The data: Begin

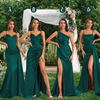 Mismatched Dark-Green Sexy Side Slit Mermaid Soft Satin Long Bridesmaid Dresses Online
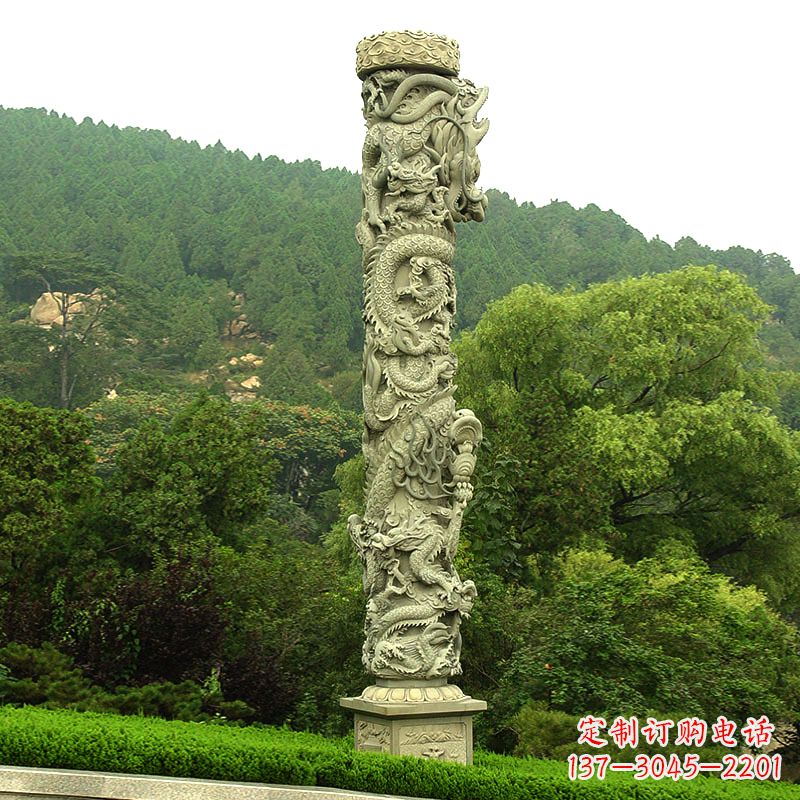 泸州中领雕塑:大气雄伟的石雕龙柱
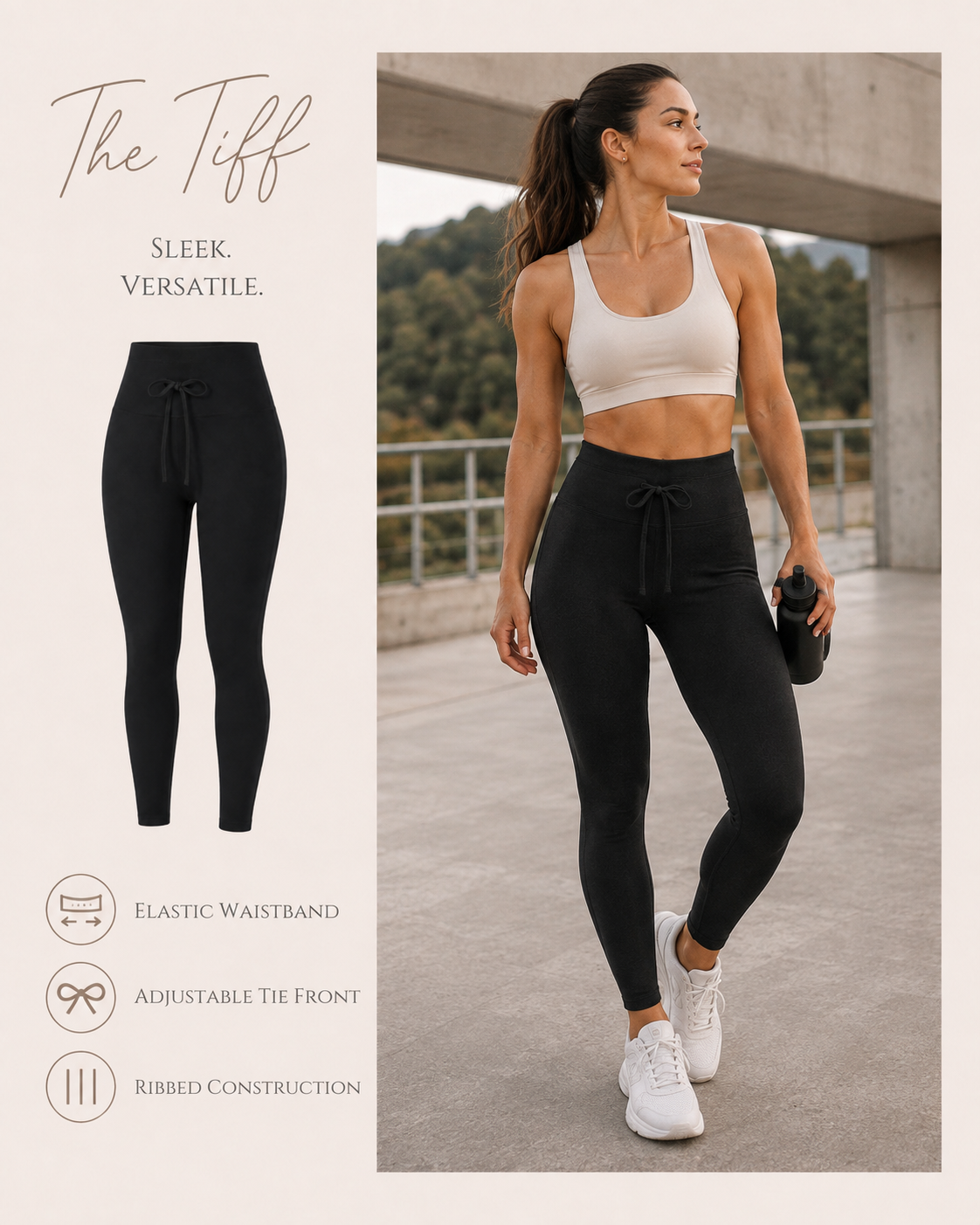 Tiff - Tie-Front Ribbed Leggings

The data: End

▶ [About this exercise]: Full copy, no pictures: write out each line of the data exactly as it stands.

▶ [Exercise result]:
 Mismatched Dark-Green Sexy Side Slit Mermaid Soft Satin Long Bridesmaid Dresses Online
 泸州中领雕塑:大气雄伟的石雕龙柱
 Tiff - Tie-Front Ribbed Leggings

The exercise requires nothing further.